Tuesday, April 26, 2011

Loving the Pedophile

Last evening, I asked this question. I rarely get answers for my questions. I’m ok with it because I don’t answer other blogger’s questions either. (Well, except that one girl, but she seemed like she really wanted an answer.)

“How would you choose to demonstrate authentic love towards an unrepentant child molester?”

Depending on your perception of what love is, you might believe me to be rather heartless. I have never personally known a child molester, but I did try to walk with a man named Sid who had a strong affinity for young boys. He’s had previous run ins with the law after exposing himself.

I don’t see him much anymore, but if I were ever to find that he was actually molesting children on an ongoing basis, I’d probably have him locked up. No. I don’t hate him. I really don’t. When I consider the various conversations I have had with this young man, he is burdened beneath an unimaginable burden of guilt, sin and shame. If I really love him, how could I possibly allow him to be burdened any further?

During that time, once in a while I would have a conversation with people who looked down on parents who try to protect their children. On one occasion, I asked such a man whether or not he would allow a pedophile into his home to play with his kids. I didn’t get a response. As I walked in Christian circles, I often felt guilty for not inviting Sid over for Christmas dinner, or making the effort to get him a ride to church. I'm sure he would have been willing to help with Sunday School.

I didn’t show my love to Sid by bringing him to church or inviting him into my home to play with my kids. I demonstrated my love for Sid by going ‘outside of the camp’ to where he was. I spent time with him on my own. Time after time I told him that he simply cannot indulge in his particular sexual desires. Does that not sound hateful? I did my personal best to tell him about Jesus. In prayer, I even began to pray the ‘sinners prayer’, until we got to the part where we thanked Jesus for dying for our sins. It was at this point when he told me, “I don’t really believe that He paid for my sins.” So we stopped there.
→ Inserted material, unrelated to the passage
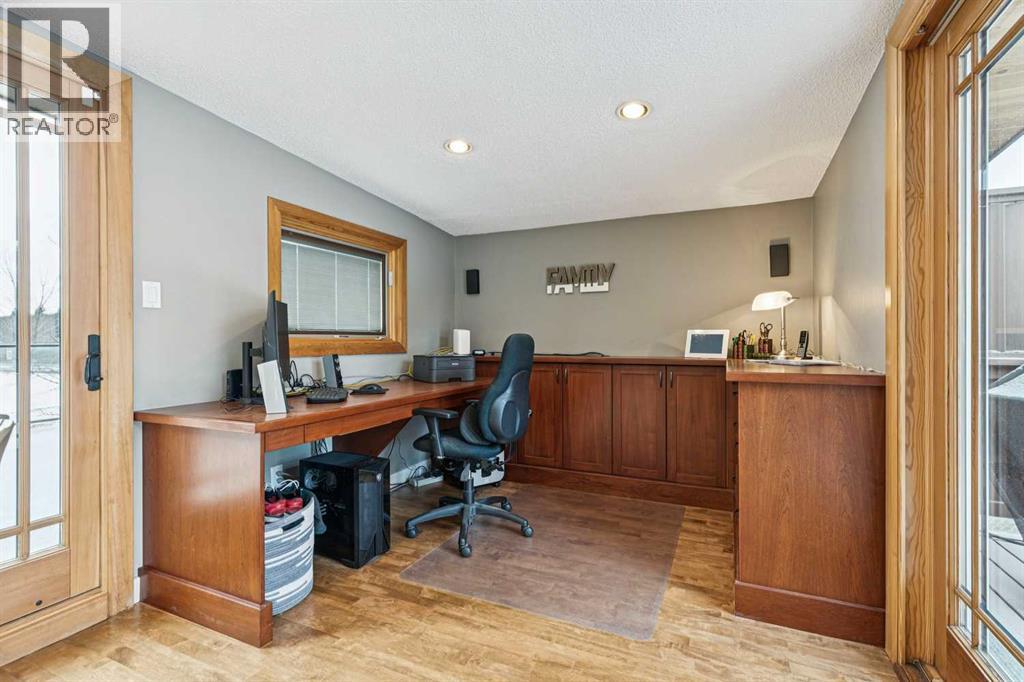 Single Family House Bungalow for Sale in  Vardana Place NW Varsity Calgary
I still make myself available to Sid. When he calls, I answer. Our schedules haven’t lined up for some time, but I’m ready if they ever do. I’m still prepared to dial 911 if I find out he’s hurt some poor child. I give him money when he’s broke. Lord willing, I hope I can remember his birthday this year.

I’m no scholar, but in my mind, smiling at a life of sin is just another form of hatred.

That is how I choose to demonstrate love to Sid.

In Christian circles, we talk about throwing open the doors of church. Are there no limits to that philosophy?

1 comment:

  1. Good thoughts Kevin. Yes, it's important to demonstrate love and be welcoming to the lost or people who struggle with such sins, but we must also seek to protect our loved ones wherever possible. There's nothing Christian about letting a child's innocence be stolen and leave their life scarred just to love someone else.